A future patch will add an `--expire-to` option which allows `git
repack` to write a cruft pack containing the pruned objects out to a
separate repository. Prepare for this by teaching that function to write
packs to an arbitrary location specified by the caller.

All existing callers of `prepare_pack_objects()` will pass `packtmp` for
`out`, retaining the existing behavior.

Signed-off-by: Taylor Blau <me@ttaylorr.com>
---
 builtin/repack.c | 11 ++++++-----
 1 file changed, 6 insertions(+), 5 deletions(-)

diff --git a/builtin/repack.c b/builtin/repack.c
index 4a7ae4cf48..025882a075 100644
--- a/builtin/repack.c
+++ b/builtin/repack.c
@@ -188,7 +188,8 @@ static void remove_redundant_pack(const char *dir_name, const char *base_name)
 }
 
 static void prepare_pack_objects(struct child_process *cmd,
-				 const struct pack_objects_args *args)
+				 const struct pack_objects_args *args,
+				 const char *out)
 {
 	strvec_push(&cmd->args, "pack-objects");
 	if (args->window)
@@ -211,7 +212,7 @@ static void prepare_pack_objects(struct child_process *cmd,
 		strvec_push(&cmd->args,  "--quiet");
 	if (delta_base_offset)
 		strvec_push(&cmd->args,  "--delta-base-offset");
-	strvec_push(&cmd->args, packtmp);
+	strvec_push(&cmd->args, out);
 	cmd->git_cmd = 1;
 	cmd->out = -1;
 }
@@ -275,7 +276,7 @@ static void repack_promisor_objects(const struct pack_objects_args *args,
 	FILE *out;
 	struct strbuf line = STRBUF_INIT;
 
-	prepare_pack_objects(&cmd, args);
+	prepare_pack_objects(&cmd, args, packtmp);
 	cmd.in = -1;
 
 	/*
@@ -673,7 +674,7 @@ static int write_cruft_pack(const struct pack_objects_args *args,
 	FILE *in, *out;
 	int ret;
 
-	prepare_pack_objects(&cmd, args);
+	prepare_pack_objects(&cmd, args, packtmp);
 
 	strvec_push(&cmd.args, "--cruft");
 	if (cruft_expiration)
@@ -862,7 +863,7 @@ int cmd_repack(int argc, const char **argv, const char *prefix)
 
 	sigchain_push_common(remove_pack_on_signal);
 
-	prepare_pack_objects(&cmd, &po_args);
+	prepare_pack_objects(&cmd, &po_args, packtmp);
 
 	show_progress = !po_args.quiet && isatty(2);
 
-- 
2.37.0.1.g1379af2e9d


^ permalink raw reply related	[flat|nested] 9+ messages in thread

* [RFC PATCH 2/4] builtin/repack.c: pass "cruft_expiration" to `write_cruft_pack`
  2022-06-29 18:45 [RFC PATCH 0/4] move pruned objects to a separate repository Taylor Blau
  2022-06-29 18:45 ` [RFC PATCH 1/4] builtin/repack.c: pass "out" to `prepare_pack_objects` Taylor Blau
@ 2022-06-29 18:47 ` Taylor Blau
  2022-06-29 18:47 ` [RFC PATCH 3/4] builtin/repack.c: write cruft packs to arbitrary locations Taylor Blau
                   ` (3 subsequent siblings)
  5 siblings, 0 replies; 9+ messages in thread
From: Taylor Blau @ 2022-06-29 18:47 UTC (permalink / raw)
  To: git; +Cc: derrickstolee, jonathantanmy, gitster

`builtin/repack.c`'s `write_cruft_pack()` is used to generate the cruft
pack when `--cruft` is supplied. It uses a static variable
"cruft_expiration" which is filled in by option parsing.

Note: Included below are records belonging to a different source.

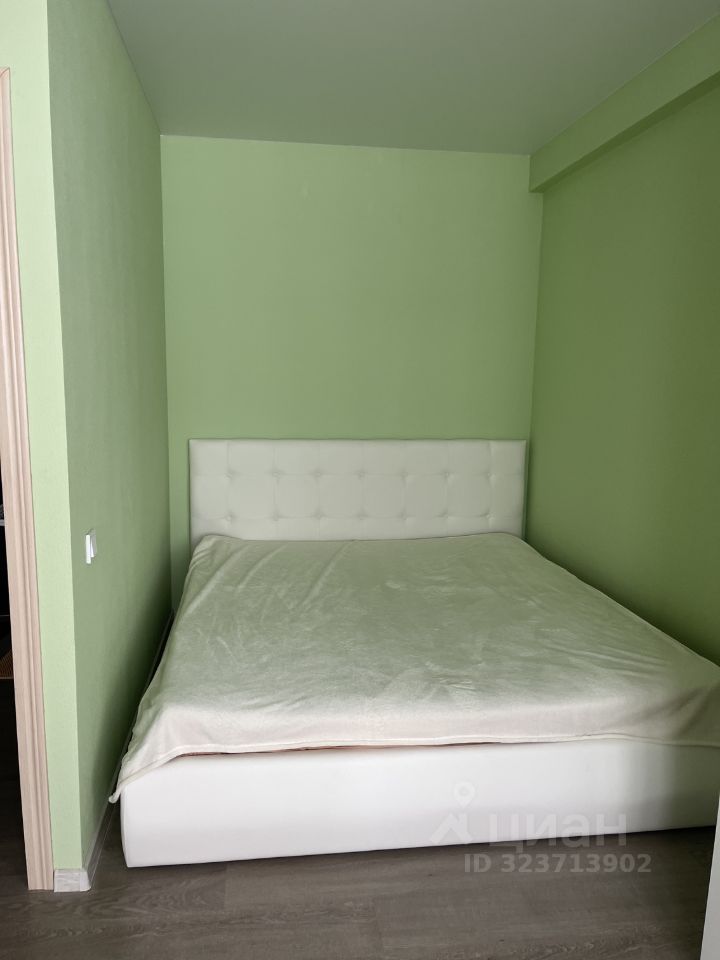 Продажа 1-комн квартиры на вторичном рынке Новое Бисерово-2 мкр, с. Бисерово,  д. 20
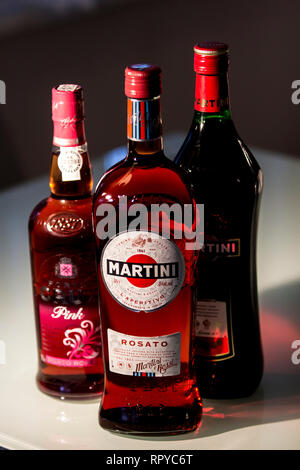 Levent, Istanbul/Turquie - 23 décembre 2018 : Martini Rosso, Martini Rosato et Porto Cruz Pink Vin de Porto. Banque D'Images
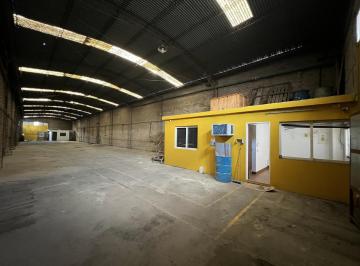 Bodega-Galpón · 600m² · 4 Ambientes · Alquiler Galpón Barrio Las Delicias, Zona Sur, Rosario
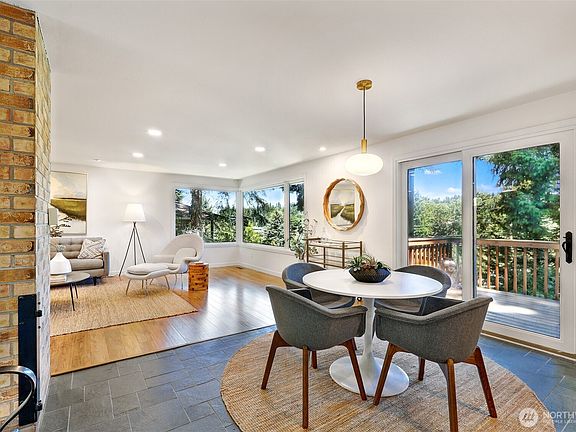 3rd image of 23321 75th Avenue W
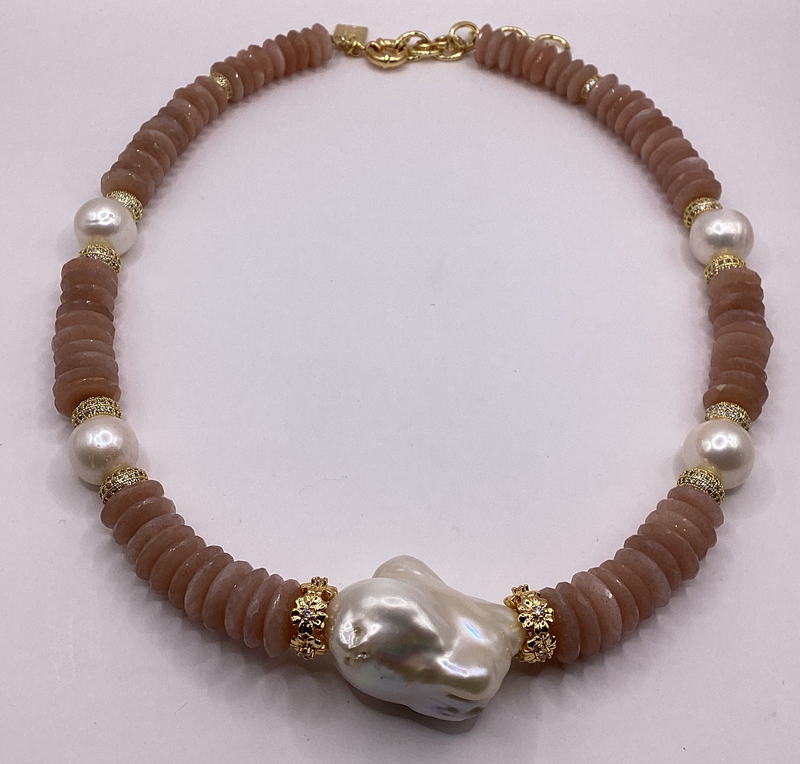 Collar Pink Moonstone German Cut con Perla Barroca y Zirconias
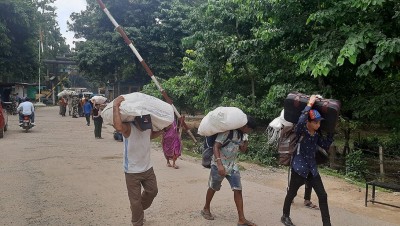 गौरीफन्टा नाका हुँदै नेपाल भित्रिँदै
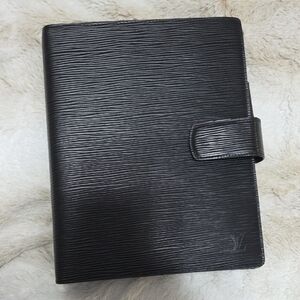 Louis Vuitton GM Agenda Cover In Epi Leather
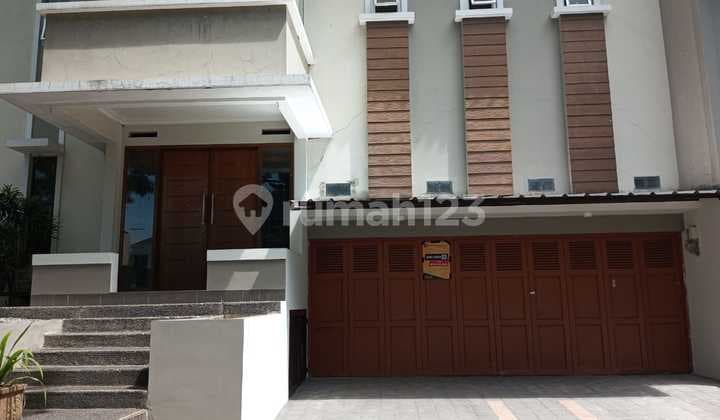 Jual/Sewa Rumah Mewah Strategis di Kota Baru Parahyangan,Bandung Full Furnish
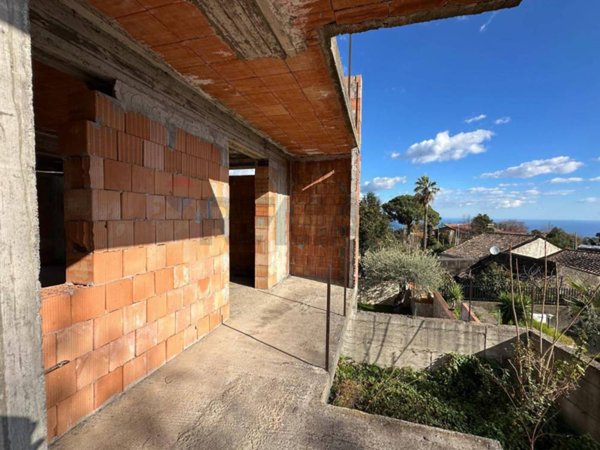 casa indipendente in vendita a Zafferana Etnea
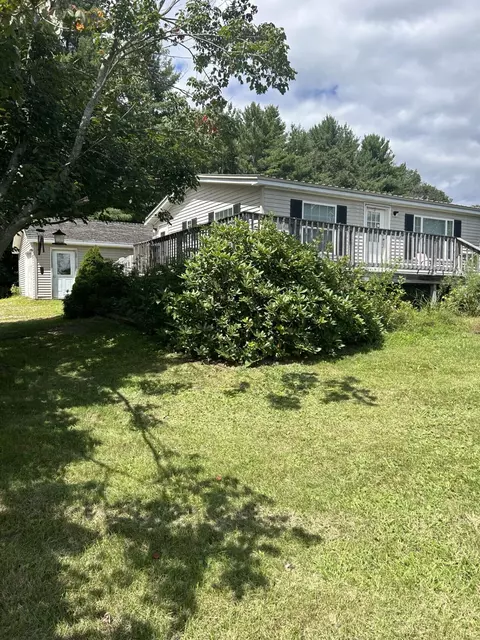 69 Pike Rd, Livermore, ME 04253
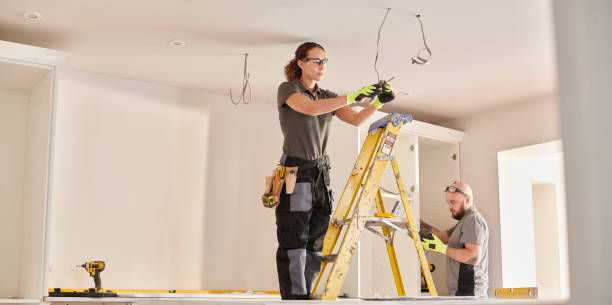 Best Ceiling Fan Installation Electrician  in Great Bend, KS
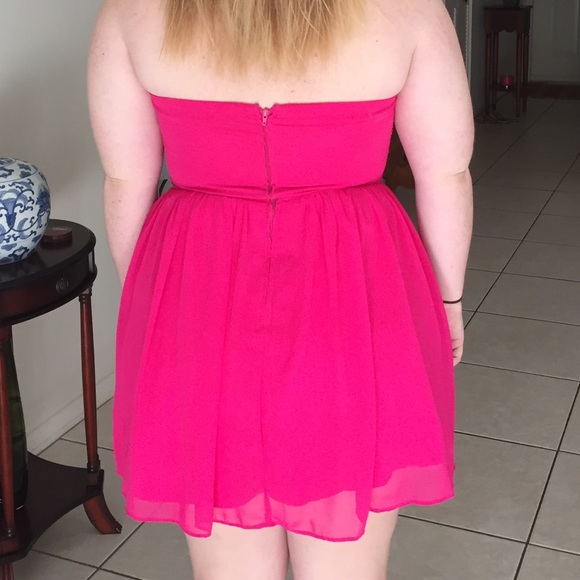 Dress - Picture 3 of 3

A future patch will add an `--expire-to` option which allows `git
repack` to write a cruft pack containing the pruned objects out to a
separate repository. In order to implement this functionality, some
callers will have to pass a value for `cruft_expiration` different than
the one filled out by option parsing.

Prepare for this by teaching `write_cruft_pack` to take a
"cruft_expiration" parameter, instead of reading a single static
variable.

The (sole) existing caller of `write_cruft_pack()` will pass the value
for "cruft_expiration" filled in by option parsing, retaining existing
behavior. This means that we can make the variable local to
`cmd_repack()`, and eliminate the static declaration.

Signed-off-by: Taylor Blau <me@ttaylorr.com>
---
 builtin/repack.c | 6 ++++--
 1 file changed, 4 insertions(+), 2 deletions(-)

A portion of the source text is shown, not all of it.